§ PROBLEM STATEMENT: The answer should contain only the lines from the beginning of the entries through the line that holds "每日新闻早知道（20210712）", given again exactly, with no pictures.

§ MATERIAL TO PROCESS:
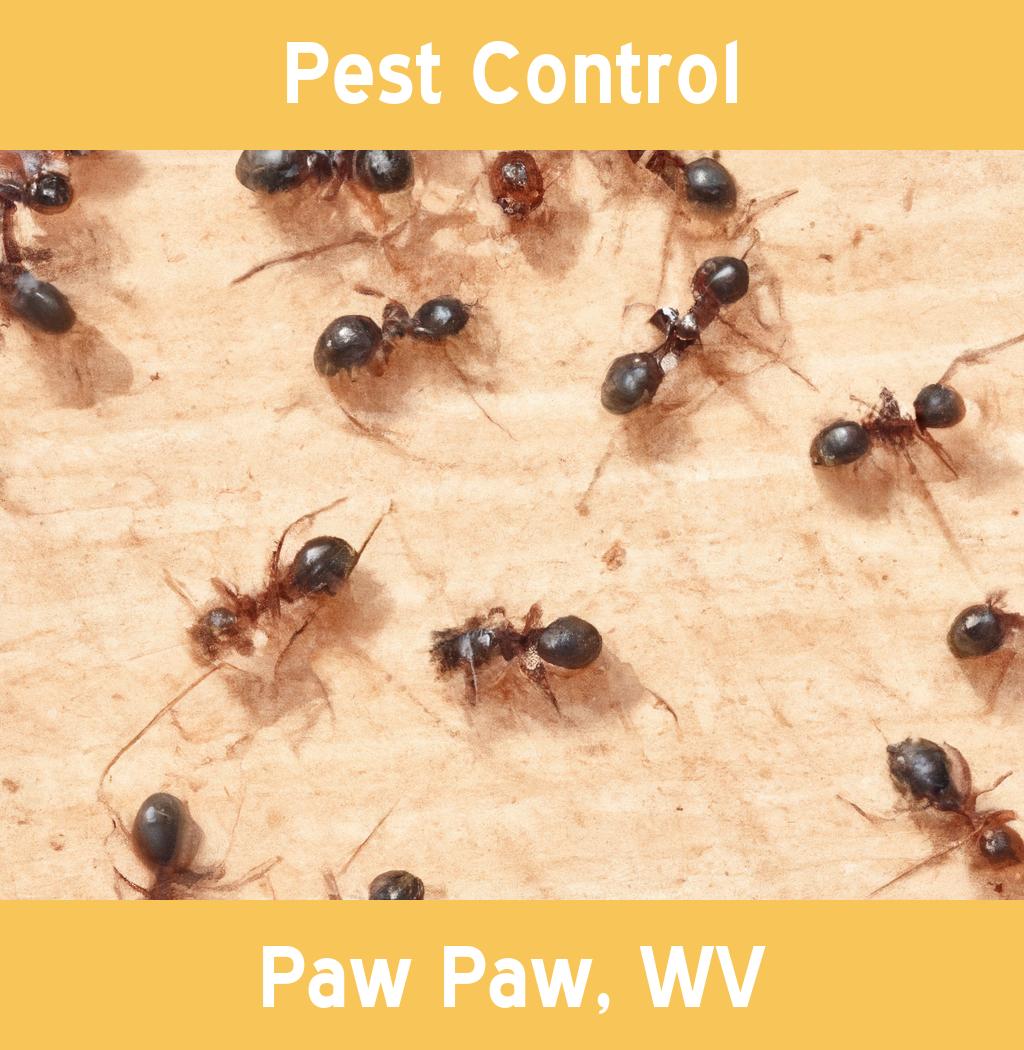 pest control in Paw Paw West Virginia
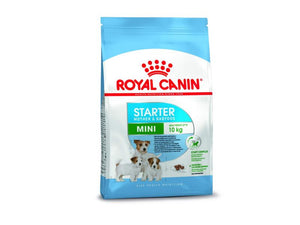 Royal Canin Mini Breed Puppy Starter for Mother&Puppy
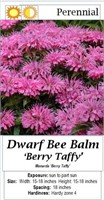 Bee Balm Berry Taffy Dwarf
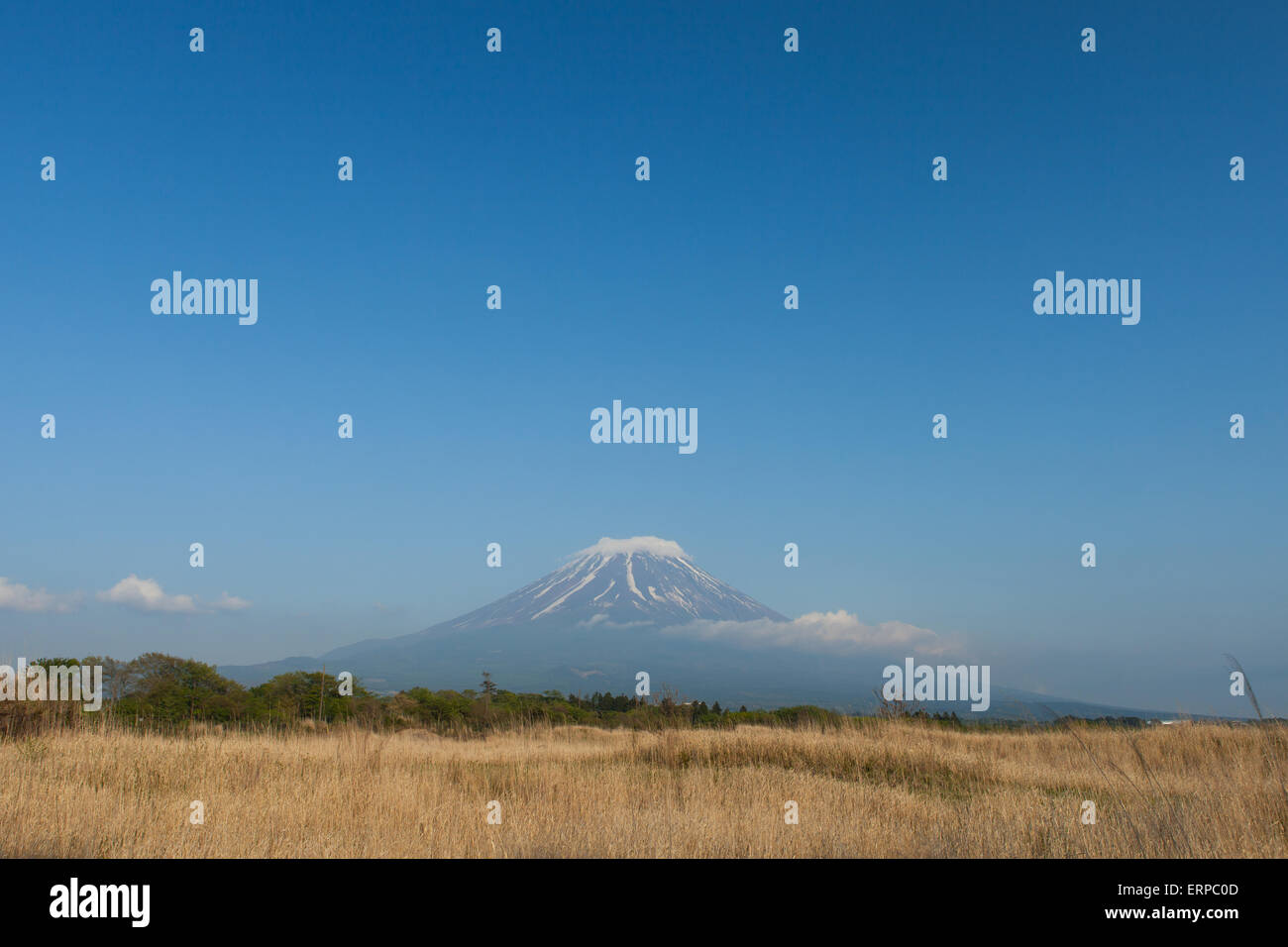 Panoramic view of Mount Fuji Stock Photo
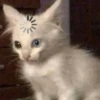 ??‍♀ [ ] 8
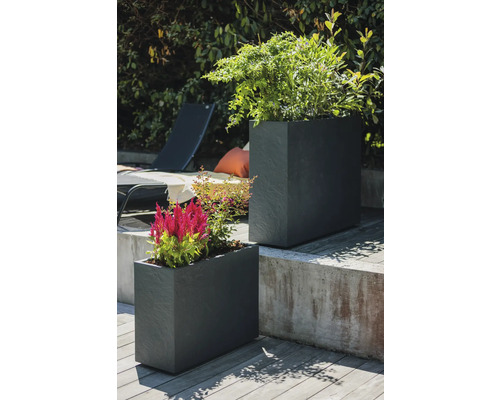 Twee vierkante plantenbakken van leisteen met planten in de tuin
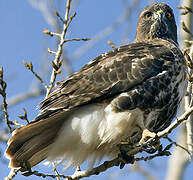 Red-tailed Hawk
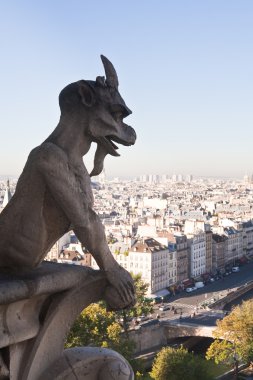 Görünümü Paris notre dame de paris. Fransa.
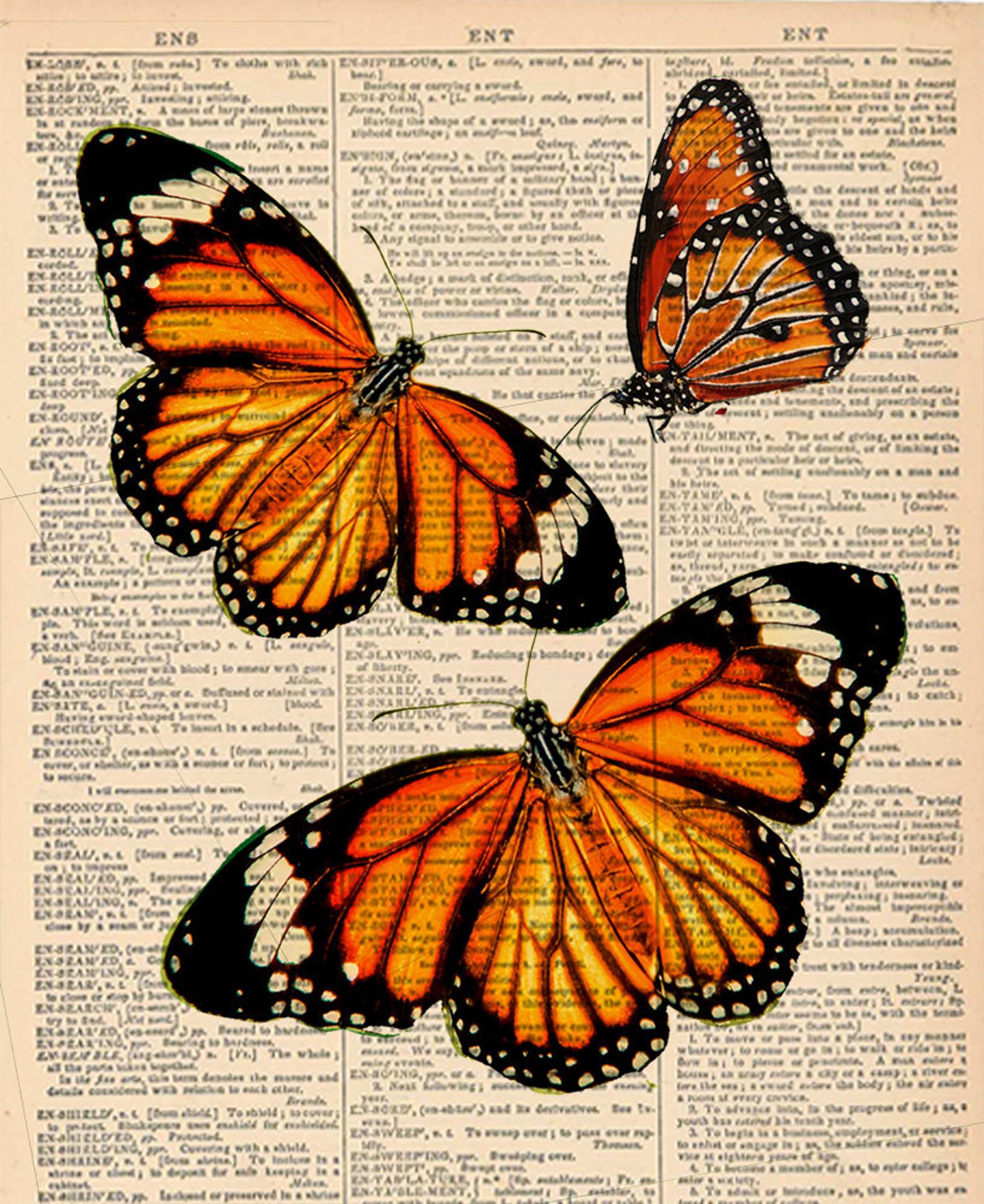 butterflies.jpg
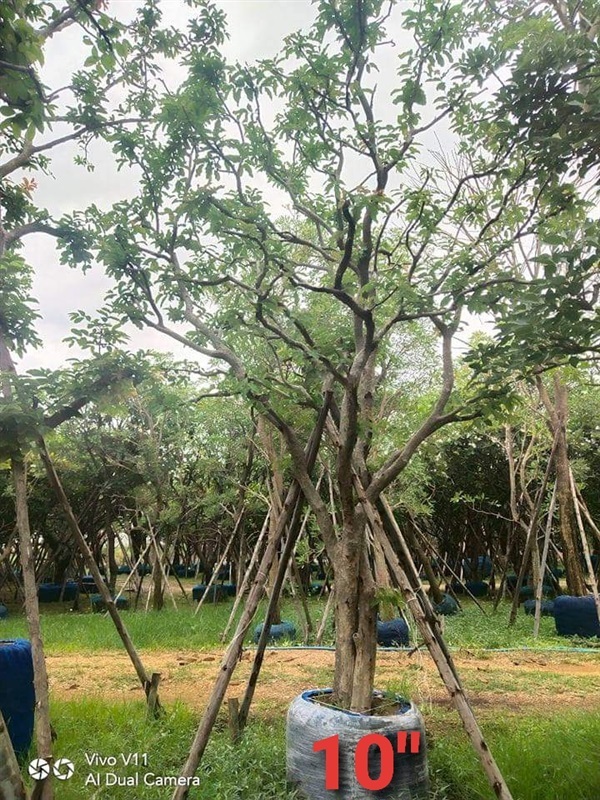 ต้นตะแบก 10" | สวนรุ่งเรือง  ไม้ล้อม -  ปทุมธานี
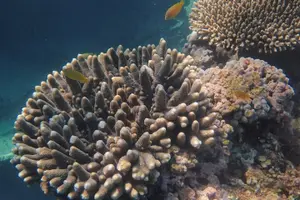 Image of Australia
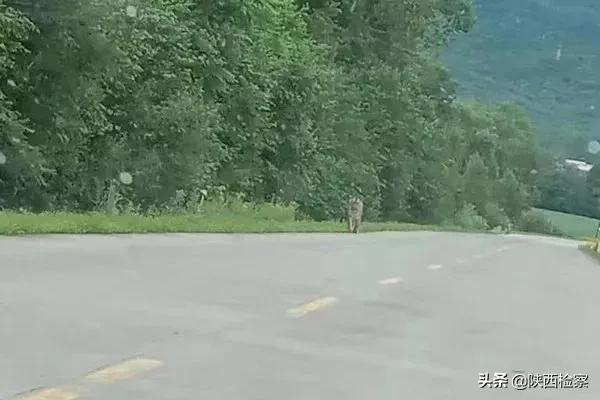 每日新闻早知道（20210712）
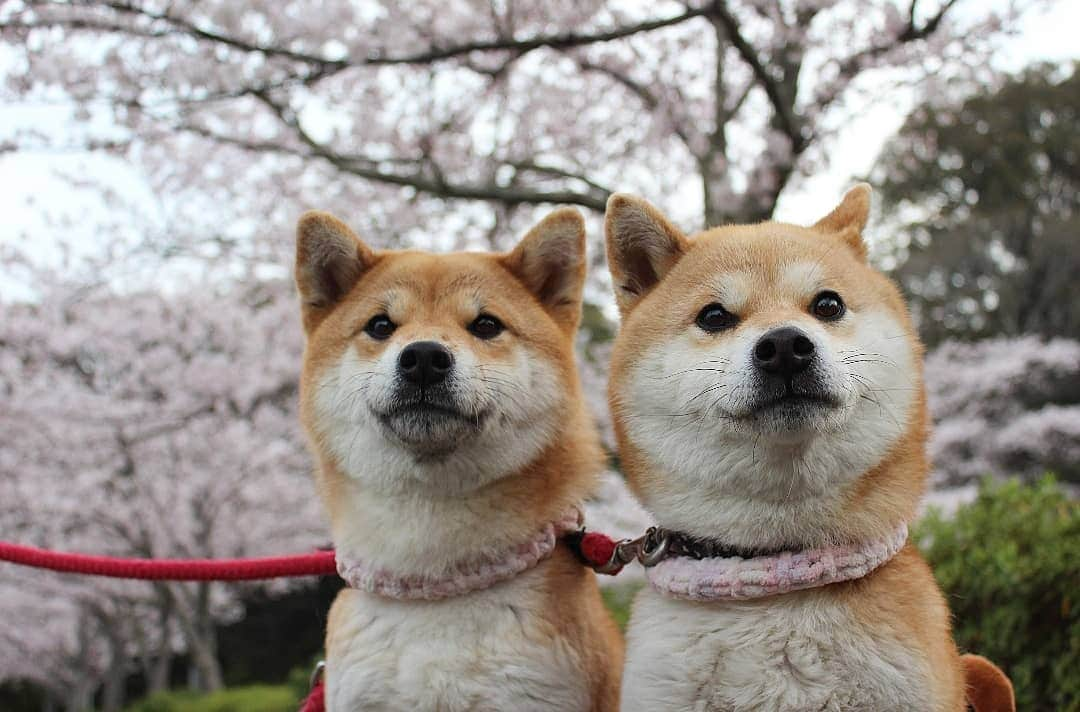 柴犬たま Shibainu Tamaさんのインスタグラム写真 - (柴犬たま Shibainu TamaInstagram)「桜見に行ったよ🌸 * Caption trans🇬🇧 We went to see the cherry blossoms🌸 * #柴犬たま #たママ #たま家族 #柴犬ミケ #一眼レフ #一眼レフカメラ #お出掛け #お花見 #満開 #さくら #サクラ #桜 #日本の春 #花とたま #花とミケ #柴犬 #shiba #shibainu #shibastagram #犬 #dog #多頭飼い」3月30日 16時08分 - tama7653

§ TASK OUTPUT:
 pest control in Paw Paw West Virginia
 Royal Canin Mini Breed Puppy Starter for Mother&Puppy
 Bee Balm Berry Taffy Dwarf
 Panoramic view of Mount Fuji Stock Photo
 ??‍♀ [ ] 8
 Twee vierkante plantenbakken van leisteen met planten in de tuin
 Red-tailed Hawk
 Görünümü Paris notre dame de paris. Fransa.
 butterflies.jpg
 ต้นตะแบก 10" | สวนรุ่งเรือง  ไม้ล้อม -  ปทุมธานี
 Image of Australia
 每日新闻早知道（20210712）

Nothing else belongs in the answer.